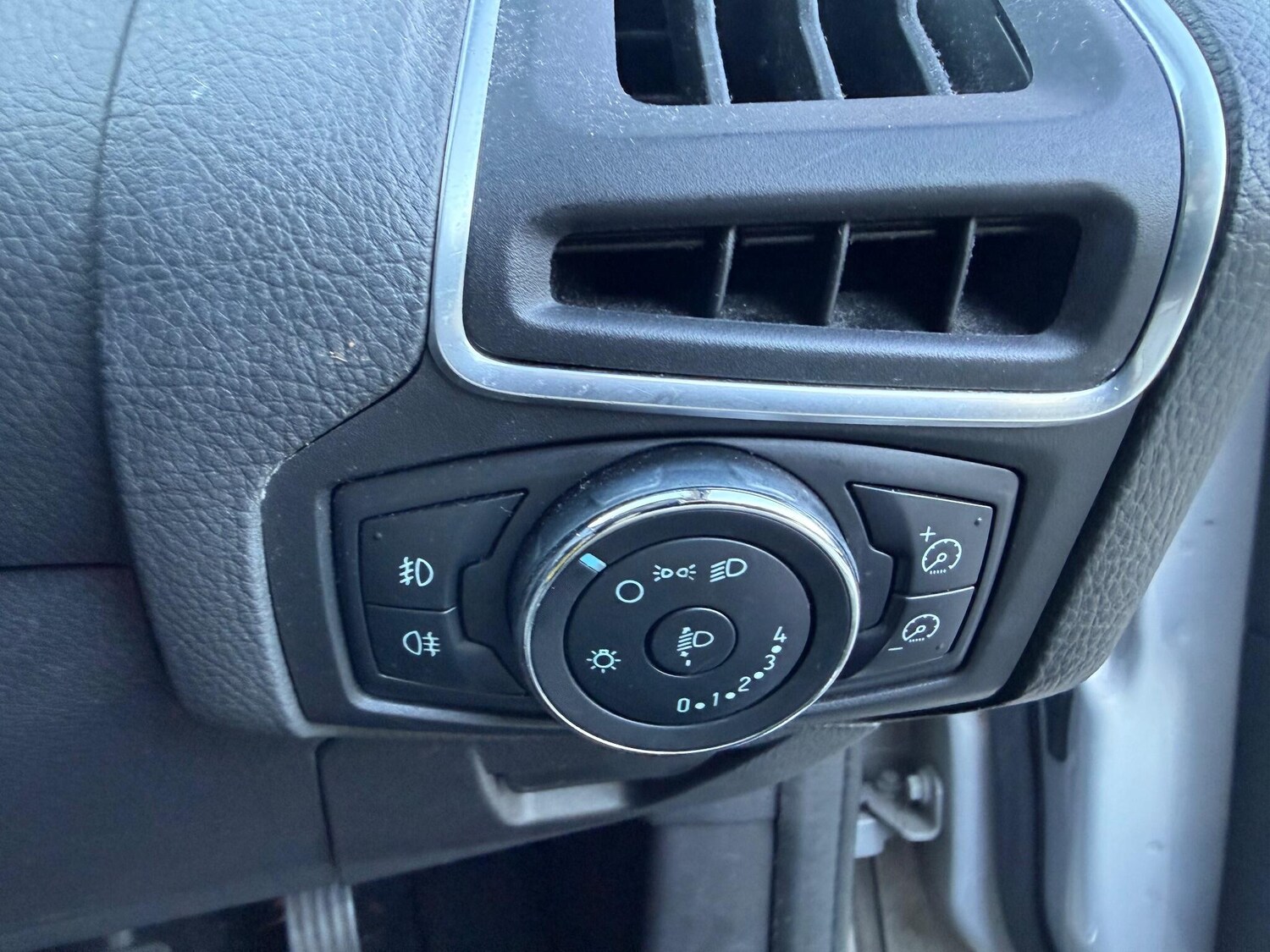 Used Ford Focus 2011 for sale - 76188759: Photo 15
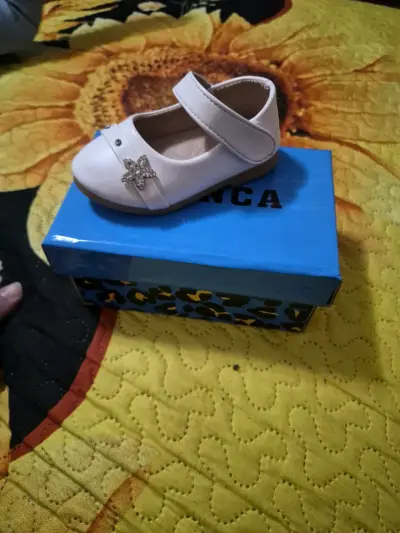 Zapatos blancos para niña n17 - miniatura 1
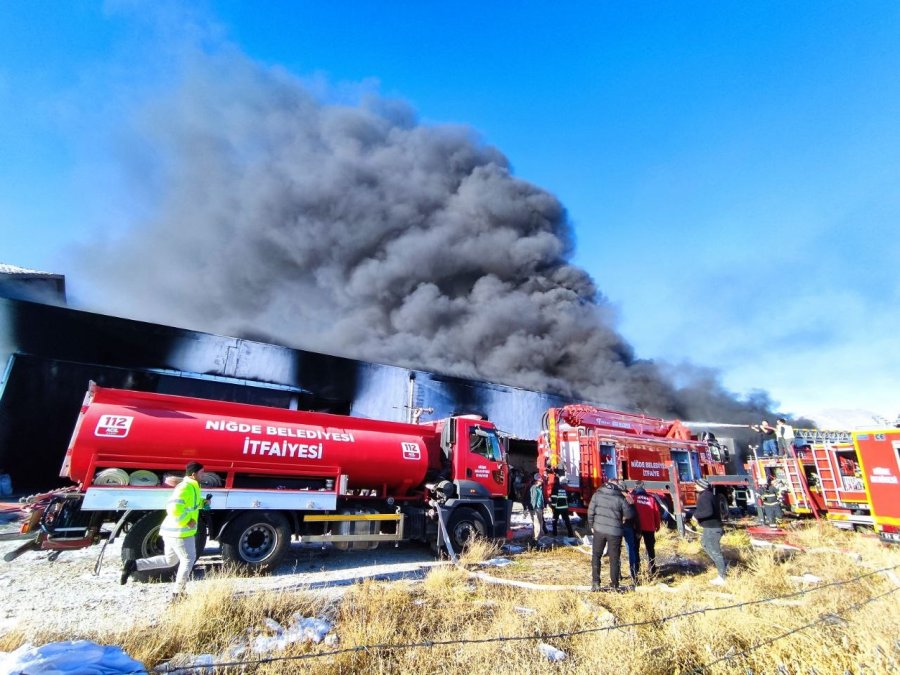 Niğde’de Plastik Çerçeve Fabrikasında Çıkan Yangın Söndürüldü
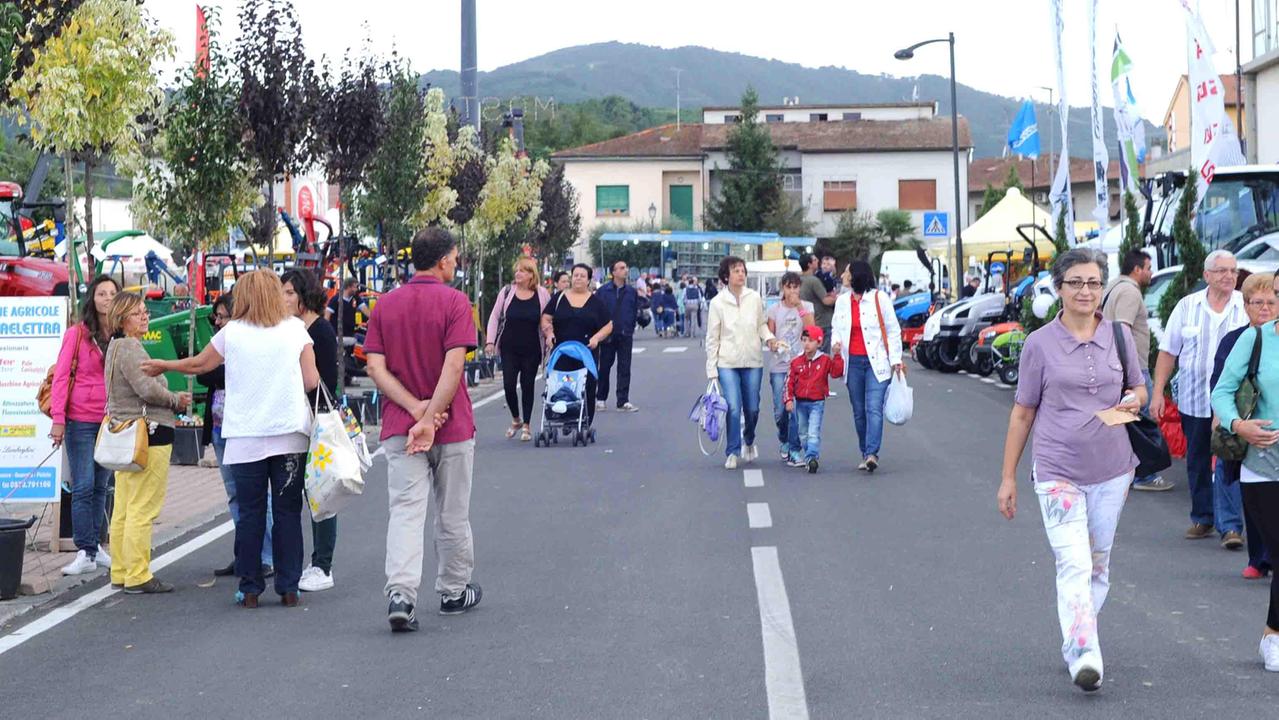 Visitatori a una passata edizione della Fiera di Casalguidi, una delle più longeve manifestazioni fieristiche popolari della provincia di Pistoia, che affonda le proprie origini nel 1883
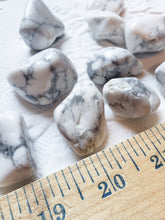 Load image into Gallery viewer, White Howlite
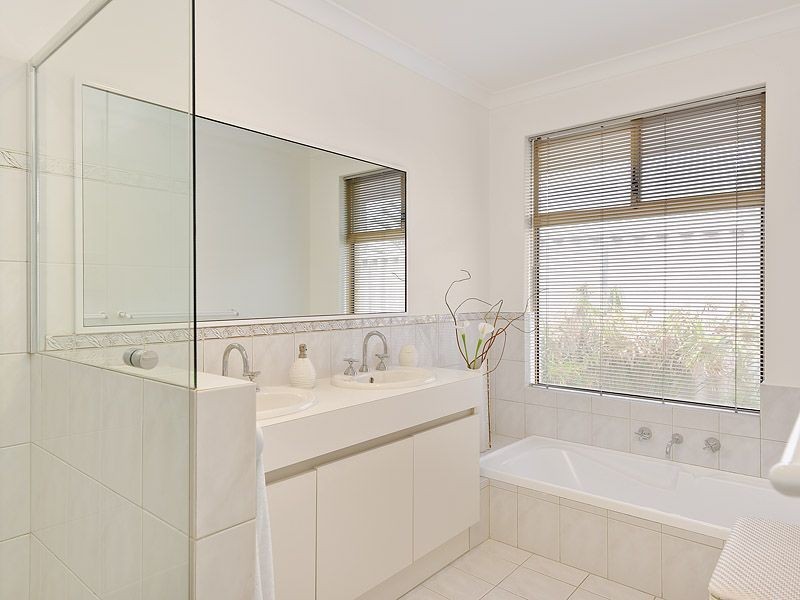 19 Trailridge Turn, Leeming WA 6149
——
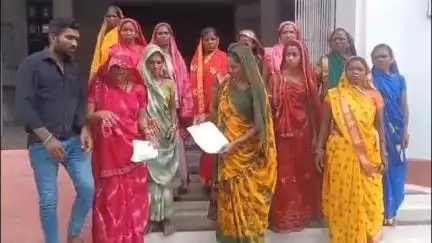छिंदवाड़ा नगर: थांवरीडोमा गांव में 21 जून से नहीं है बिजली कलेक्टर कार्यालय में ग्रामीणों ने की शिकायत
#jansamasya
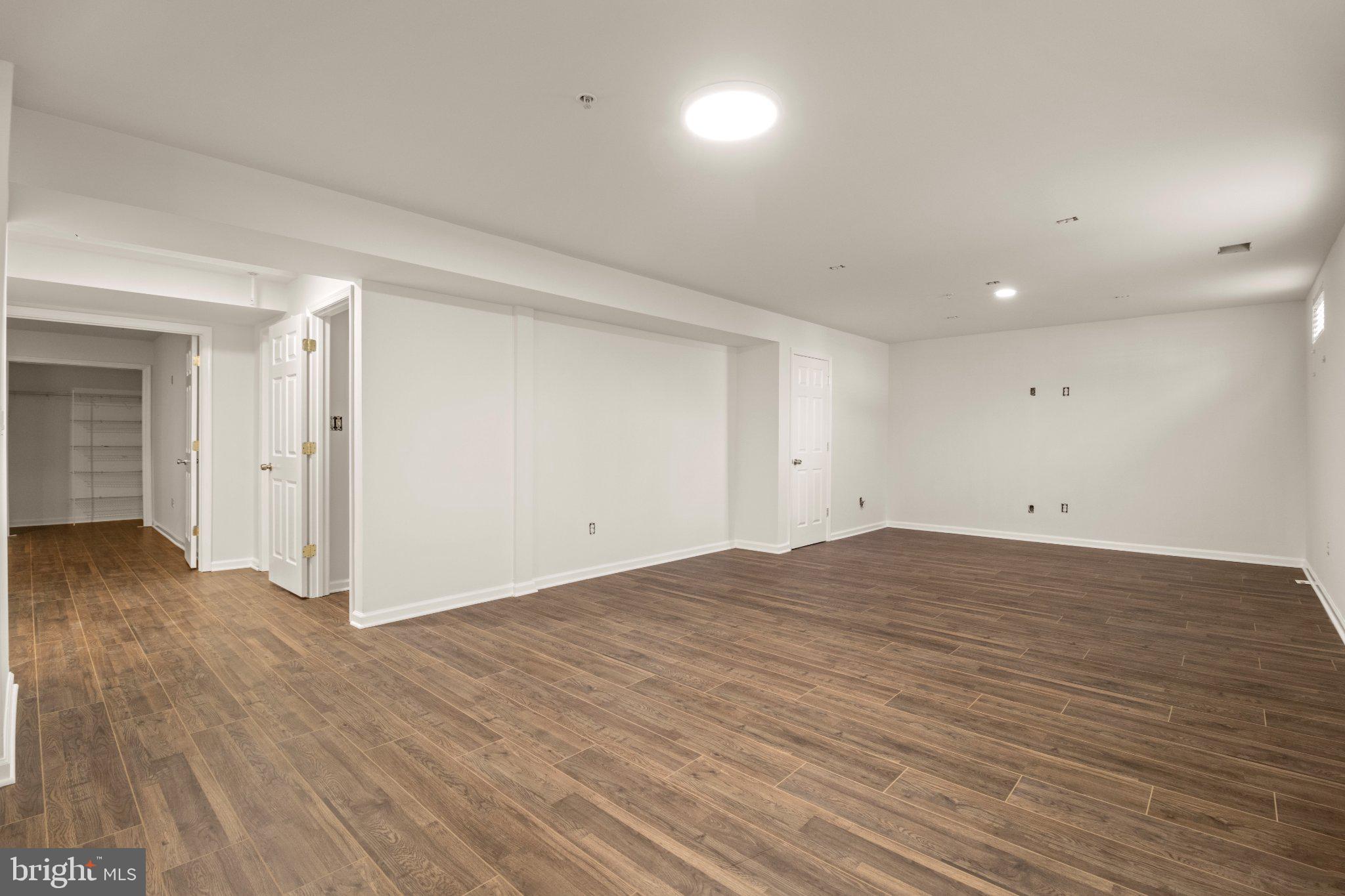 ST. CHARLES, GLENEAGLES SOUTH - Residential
——
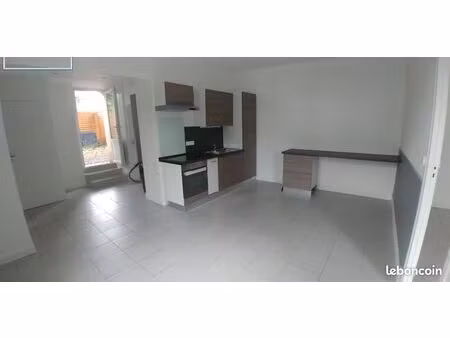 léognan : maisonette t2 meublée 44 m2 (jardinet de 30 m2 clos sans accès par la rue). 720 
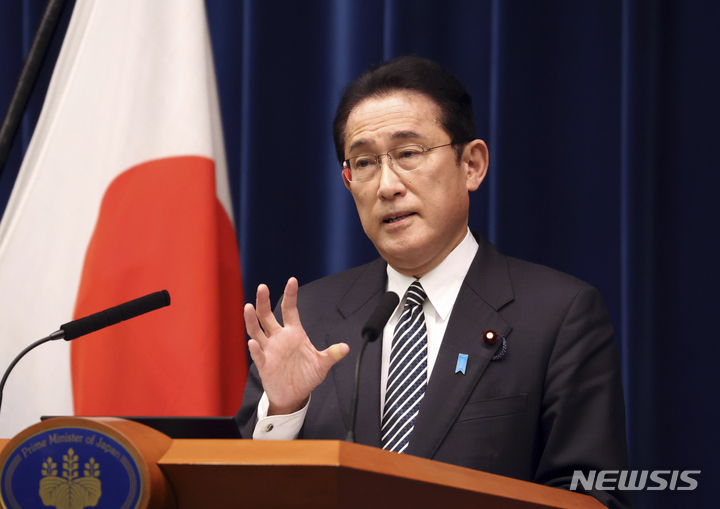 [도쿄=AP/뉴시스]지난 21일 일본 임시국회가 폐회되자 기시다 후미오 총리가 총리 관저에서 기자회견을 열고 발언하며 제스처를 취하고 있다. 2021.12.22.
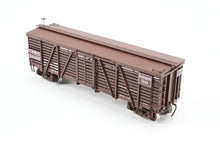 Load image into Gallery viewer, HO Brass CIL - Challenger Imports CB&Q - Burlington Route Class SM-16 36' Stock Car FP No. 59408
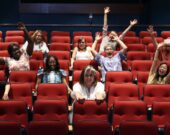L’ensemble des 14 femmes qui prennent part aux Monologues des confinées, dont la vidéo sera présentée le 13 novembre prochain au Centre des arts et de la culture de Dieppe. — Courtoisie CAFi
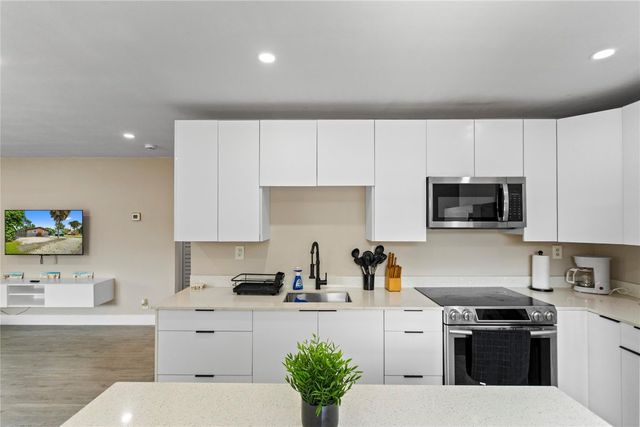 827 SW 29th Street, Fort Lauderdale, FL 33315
——
TASK ITEM
Would you output only the span of the records above that opens with the line containing "Visitatori a una" and closes with the line containing "19 Trailridge Turn, Leeming WA 6149", ends included and pictures dropped?

RESULT
 Visitatori a una passata edizione della Fiera di Casalguidi, una delle più longeve manifestazioni fieristiche popolari della provincia di Pistoia, che affonda le proprie origini nel 1883
 Load image into Gallery viewer, White Howlite
 19 Trailridge Turn, Leeming WA 6149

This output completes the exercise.